** INFORMATION PROVIDED follows **
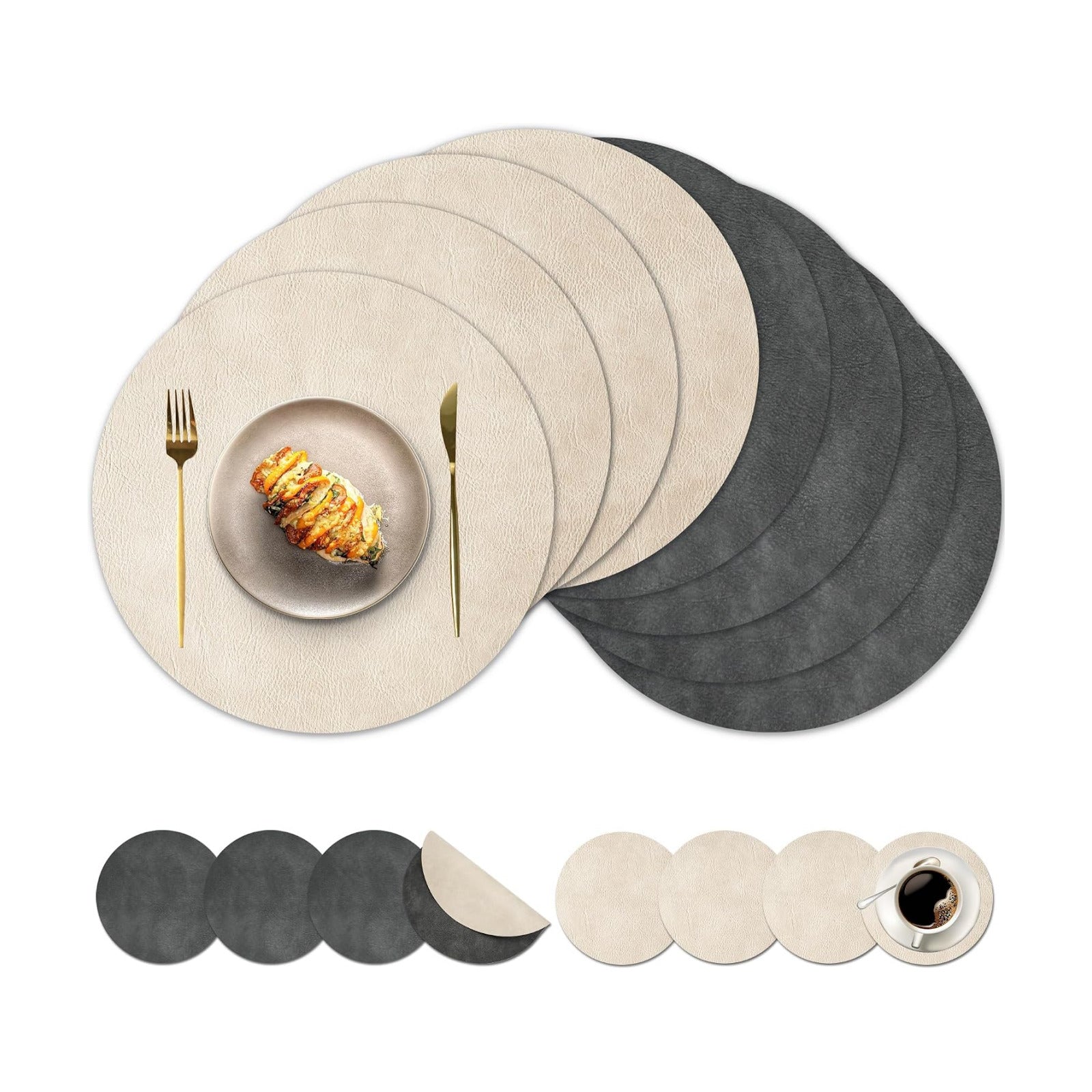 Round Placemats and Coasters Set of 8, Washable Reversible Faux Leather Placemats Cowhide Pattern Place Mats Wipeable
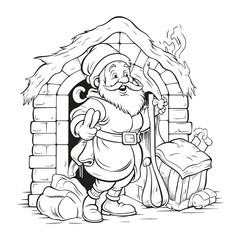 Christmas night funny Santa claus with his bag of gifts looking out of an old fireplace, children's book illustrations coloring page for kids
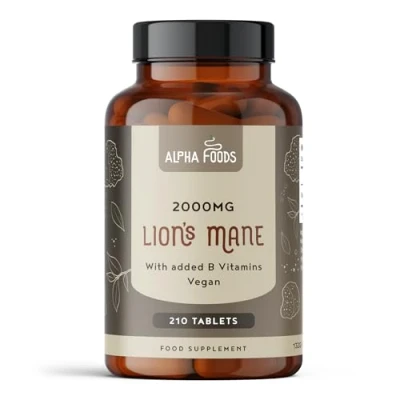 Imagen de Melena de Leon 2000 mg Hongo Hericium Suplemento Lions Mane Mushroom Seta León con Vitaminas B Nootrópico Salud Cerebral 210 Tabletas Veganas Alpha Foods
** End of INFORMATION PROVIDED **
TRY IT ▸ The answer must be the data above, repeated exactly, with no pictures.

SOLVED PROBLEM ▸
 Round Placemats and Coasters Set of 8, Washable Reversible Faux Leather Placemats Cowhide Pattern Place Mats Wipeable
 Christmas night funny Santa claus with his bag of gifts looking out of an old fireplace, children's book illustrations coloring page for kids
 Imagen de Melena de Leon 2000 mg Hongo Hericium Suplemento Lions Mane Mushroom Seta León con Vitaminas B Nootrópico Salud Cerebral 210 Tabletas Veganas Alpha Foods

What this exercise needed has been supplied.